== What is expected ==
Among the lines of data below, reproduce only those from the one with "CASE IH Farmall 115U" through the one with "Luxury Bungalow, Sea View (Suite) photo 3", exactly as they stand, both ends included.

──────── Record extracts ────────

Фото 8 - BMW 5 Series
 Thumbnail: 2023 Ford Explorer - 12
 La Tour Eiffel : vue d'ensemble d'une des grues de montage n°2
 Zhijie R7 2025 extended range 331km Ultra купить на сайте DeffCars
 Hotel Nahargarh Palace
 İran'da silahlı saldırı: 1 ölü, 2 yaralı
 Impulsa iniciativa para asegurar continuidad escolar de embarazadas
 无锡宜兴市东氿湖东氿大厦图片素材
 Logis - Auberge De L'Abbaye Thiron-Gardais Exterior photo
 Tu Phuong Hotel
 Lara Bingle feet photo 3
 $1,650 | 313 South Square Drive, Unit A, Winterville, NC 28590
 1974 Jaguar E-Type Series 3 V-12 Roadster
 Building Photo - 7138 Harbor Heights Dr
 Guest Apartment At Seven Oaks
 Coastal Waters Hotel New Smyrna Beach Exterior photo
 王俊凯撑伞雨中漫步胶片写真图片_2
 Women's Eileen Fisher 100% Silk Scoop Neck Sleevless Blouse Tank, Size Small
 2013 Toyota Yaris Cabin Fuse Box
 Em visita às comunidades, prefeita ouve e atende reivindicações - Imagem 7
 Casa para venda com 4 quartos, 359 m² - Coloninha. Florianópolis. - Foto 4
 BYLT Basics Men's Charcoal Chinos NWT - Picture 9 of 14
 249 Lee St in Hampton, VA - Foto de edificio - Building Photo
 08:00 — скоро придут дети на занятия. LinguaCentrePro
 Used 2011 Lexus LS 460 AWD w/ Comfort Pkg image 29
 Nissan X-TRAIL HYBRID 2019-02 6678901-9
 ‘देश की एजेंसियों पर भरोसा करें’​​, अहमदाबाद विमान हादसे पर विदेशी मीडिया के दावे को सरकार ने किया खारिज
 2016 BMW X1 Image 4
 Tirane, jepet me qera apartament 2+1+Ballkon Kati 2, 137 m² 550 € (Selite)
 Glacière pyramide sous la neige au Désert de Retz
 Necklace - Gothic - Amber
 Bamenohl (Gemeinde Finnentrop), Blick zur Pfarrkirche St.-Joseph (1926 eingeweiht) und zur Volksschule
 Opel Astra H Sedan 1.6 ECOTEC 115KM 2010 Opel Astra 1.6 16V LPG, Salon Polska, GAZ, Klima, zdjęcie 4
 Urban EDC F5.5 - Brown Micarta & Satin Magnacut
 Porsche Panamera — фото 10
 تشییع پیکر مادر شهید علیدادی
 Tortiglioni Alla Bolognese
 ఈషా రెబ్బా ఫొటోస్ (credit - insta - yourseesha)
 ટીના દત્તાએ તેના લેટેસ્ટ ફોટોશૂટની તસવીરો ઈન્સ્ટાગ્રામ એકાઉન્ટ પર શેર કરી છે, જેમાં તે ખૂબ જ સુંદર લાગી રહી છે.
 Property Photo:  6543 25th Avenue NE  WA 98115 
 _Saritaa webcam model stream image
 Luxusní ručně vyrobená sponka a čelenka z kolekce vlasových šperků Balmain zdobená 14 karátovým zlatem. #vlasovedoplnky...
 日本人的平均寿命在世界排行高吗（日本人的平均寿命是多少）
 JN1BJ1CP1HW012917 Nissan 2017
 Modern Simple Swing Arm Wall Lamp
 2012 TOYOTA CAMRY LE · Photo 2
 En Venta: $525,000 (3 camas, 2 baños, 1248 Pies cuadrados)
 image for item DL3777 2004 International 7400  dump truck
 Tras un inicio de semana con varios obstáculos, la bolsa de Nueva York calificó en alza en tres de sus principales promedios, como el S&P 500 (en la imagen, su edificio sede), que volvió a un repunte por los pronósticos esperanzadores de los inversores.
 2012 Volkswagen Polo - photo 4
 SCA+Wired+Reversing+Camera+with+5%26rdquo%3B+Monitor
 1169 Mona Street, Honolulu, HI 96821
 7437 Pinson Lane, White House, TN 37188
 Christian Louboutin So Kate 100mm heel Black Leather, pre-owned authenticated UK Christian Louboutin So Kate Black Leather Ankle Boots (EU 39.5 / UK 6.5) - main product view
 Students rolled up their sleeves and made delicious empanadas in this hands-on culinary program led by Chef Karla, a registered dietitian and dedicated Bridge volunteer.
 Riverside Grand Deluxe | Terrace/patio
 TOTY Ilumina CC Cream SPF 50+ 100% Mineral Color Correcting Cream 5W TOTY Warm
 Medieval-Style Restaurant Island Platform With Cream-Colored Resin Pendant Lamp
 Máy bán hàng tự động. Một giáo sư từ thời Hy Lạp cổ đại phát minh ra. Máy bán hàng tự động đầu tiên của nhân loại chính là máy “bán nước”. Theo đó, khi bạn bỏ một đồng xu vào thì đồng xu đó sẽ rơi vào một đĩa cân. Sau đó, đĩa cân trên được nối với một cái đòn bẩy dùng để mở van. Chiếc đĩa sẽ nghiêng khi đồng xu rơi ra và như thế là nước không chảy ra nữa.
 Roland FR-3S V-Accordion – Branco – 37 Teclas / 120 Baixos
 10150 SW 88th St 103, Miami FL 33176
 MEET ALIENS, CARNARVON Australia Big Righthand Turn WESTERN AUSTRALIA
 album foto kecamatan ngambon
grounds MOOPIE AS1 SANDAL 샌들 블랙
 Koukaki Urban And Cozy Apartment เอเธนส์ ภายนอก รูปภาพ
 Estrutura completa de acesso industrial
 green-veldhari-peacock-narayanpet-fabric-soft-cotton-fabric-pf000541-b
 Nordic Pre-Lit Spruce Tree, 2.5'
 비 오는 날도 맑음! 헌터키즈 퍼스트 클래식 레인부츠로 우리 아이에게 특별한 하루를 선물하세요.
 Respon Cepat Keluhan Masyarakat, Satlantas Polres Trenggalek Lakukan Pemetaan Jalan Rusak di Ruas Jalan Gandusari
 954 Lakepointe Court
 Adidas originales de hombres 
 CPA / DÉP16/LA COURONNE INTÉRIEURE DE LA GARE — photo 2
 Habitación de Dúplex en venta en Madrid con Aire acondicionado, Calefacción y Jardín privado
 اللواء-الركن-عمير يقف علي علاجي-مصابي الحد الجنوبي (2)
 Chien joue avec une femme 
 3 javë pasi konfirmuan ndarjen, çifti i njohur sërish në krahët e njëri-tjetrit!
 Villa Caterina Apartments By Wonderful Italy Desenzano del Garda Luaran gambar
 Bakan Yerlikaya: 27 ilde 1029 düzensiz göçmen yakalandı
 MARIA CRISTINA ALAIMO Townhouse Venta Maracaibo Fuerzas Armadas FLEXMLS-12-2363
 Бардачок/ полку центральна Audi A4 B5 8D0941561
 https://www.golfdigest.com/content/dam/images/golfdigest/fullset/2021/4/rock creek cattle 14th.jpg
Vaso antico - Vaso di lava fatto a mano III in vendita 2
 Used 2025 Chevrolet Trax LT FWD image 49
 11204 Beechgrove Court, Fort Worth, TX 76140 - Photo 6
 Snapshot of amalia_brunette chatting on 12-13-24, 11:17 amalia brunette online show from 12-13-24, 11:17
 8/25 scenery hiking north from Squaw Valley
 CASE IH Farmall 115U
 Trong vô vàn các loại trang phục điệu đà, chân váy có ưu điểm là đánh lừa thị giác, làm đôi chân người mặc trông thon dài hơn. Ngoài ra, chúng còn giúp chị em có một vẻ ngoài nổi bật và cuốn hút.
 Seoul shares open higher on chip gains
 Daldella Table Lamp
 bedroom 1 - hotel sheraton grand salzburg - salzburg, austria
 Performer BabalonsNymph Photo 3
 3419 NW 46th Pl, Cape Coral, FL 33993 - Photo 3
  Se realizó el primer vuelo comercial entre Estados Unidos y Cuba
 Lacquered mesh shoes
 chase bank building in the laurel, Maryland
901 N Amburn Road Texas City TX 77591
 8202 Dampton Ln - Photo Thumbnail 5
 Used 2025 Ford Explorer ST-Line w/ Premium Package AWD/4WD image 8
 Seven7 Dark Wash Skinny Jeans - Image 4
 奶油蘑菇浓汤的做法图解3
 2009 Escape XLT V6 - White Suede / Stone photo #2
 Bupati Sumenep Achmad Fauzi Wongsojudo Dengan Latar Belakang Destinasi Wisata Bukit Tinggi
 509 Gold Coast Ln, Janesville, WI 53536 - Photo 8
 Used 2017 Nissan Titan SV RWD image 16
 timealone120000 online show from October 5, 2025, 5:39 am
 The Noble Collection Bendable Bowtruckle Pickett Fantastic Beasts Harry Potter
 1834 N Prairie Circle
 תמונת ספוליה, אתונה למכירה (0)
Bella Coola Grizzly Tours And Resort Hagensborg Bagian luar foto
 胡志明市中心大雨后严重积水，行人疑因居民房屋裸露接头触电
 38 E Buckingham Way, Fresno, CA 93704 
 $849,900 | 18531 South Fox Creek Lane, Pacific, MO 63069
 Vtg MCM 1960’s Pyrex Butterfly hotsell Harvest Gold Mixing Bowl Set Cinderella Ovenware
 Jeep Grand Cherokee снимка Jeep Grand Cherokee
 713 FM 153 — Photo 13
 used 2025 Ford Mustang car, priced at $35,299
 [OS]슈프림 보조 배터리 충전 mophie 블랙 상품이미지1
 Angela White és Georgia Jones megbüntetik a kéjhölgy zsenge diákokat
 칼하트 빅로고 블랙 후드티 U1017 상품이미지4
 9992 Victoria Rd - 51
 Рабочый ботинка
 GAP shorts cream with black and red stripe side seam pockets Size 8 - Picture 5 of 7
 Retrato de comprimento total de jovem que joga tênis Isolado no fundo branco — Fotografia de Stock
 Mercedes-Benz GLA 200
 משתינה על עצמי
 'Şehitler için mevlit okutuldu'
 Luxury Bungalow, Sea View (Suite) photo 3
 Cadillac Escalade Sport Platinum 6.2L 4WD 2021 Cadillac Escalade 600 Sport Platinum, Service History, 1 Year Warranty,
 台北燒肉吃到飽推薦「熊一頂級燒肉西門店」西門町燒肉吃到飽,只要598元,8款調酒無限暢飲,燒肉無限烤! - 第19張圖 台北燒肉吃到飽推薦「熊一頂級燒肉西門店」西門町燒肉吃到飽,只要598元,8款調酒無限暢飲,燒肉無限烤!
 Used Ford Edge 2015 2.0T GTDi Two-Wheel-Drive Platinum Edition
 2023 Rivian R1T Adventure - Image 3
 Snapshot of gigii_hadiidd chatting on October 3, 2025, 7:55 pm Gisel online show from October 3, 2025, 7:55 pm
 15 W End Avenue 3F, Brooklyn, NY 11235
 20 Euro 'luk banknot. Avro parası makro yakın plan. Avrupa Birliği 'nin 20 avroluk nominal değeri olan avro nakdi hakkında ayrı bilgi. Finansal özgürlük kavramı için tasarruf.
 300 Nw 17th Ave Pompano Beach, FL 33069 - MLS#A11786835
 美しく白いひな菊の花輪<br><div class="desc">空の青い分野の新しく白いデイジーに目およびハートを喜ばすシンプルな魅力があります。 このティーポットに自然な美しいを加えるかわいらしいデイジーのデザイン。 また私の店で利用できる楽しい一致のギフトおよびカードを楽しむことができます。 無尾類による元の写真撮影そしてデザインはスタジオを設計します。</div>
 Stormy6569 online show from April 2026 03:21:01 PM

────────

== Answer to the exercise ==
 CASE IH Farmall 115U
 Trong vô vàn các loại trang phục điệu đà, chân váy có ưu điểm là đánh lừa thị giác, làm đôi chân người mặc trông thon dài hơn. Ngoài ra, chúng còn giúp chị em có một vẻ ngoài nổi bật và cuốn hút.
 Seoul shares open higher on chip gains
 Daldella Table Lamp
 bedroom 1 - hotel sheraton grand salzburg - salzburg, austria
 Performer BabalonsNymph Photo 3
 3419 NW 46th Pl, Cape Coral, FL 33993 - Photo 3
  Se realizó el primer vuelo comercial entre Estados Unidos y Cuba
 Lacquered mesh shoes
 chase bank building in the laurel, Maryland
901 N Amburn Road Texas City TX 77591
 8202 Dampton Ln - Photo Thumbnail 5
 Used 2025 Ford Explorer ST-Line w/ Premium Package AWD/4WD image 8
 Seven7 Dark Wash Skinny Jeans - Image 4
 奶油蘑菇浓汤的做法图解3
 2009 Escape XLT V6 - White Suede / Stone photo #2
 Bupati Sumenep Achmad Fauzi Wongsojudo Dengan Latar Belakang Destinasi Wisata Bukit Tinggi
 509 Gold Coast Ln, Janesville, WI 53536 - Photo 8
 Used 2017 Nissan Titan SV RWD image 16
 timealone120000 online show from October 5, 2025, 5:39 am
 The Noble Collection Bendable Bowtruckle Pickett Fantastic Beasts Harry Potter
 1834 N Prairie Circle
 תמונת ספוליה, אתונה למכירה (0)
Bella Coola Grizzly Tours And Resort Hagensborg Bagian luar foto
 胡志明市中心大雨后严重积水，行人疑因居民房屋裸露接头触电
 38 E Buckingham Way, Fresno, CA 93704 
 $849,900 | 18531 South Fox Creek Lane, Pacific, MO 63069
 Vtg MCM 1960’s Pyrex Butterfly hotsell Harvest Gold Mixing Bowl Set Cinderella Ovenware
 Jeep Grand Cherokee снимка Jeep Grand Cherokee
 713 FM 153 — Photo 13
 used 2025 Ford Mustang car, priced at $35,299
 [OS]슈프림 보조 배터리 충전 mophie 블랙 상품이미지1
 Angela White és Georgia Jones megbüntetik a kéjhölgy zsenge diákokat
 칼하트 빅로고 블랙 후드티 U1017 상품이미지4
 9992 Victoria Rd - 51
 Рабочый ботинка
 GAP shorts cream with black and red stripe side seam pockets Size 8 - Picture 5 of 7
 Retrato de comprimento total de jovem que joga tênis Isolado no fundo branco — Fotografia de Stock
 Mercedes-Benz GLA 200
 משתינה על עצמי
 'Şehitler için mevlit okutuldu'
 Luxury Bungalow, Sea View (Suite) photo 3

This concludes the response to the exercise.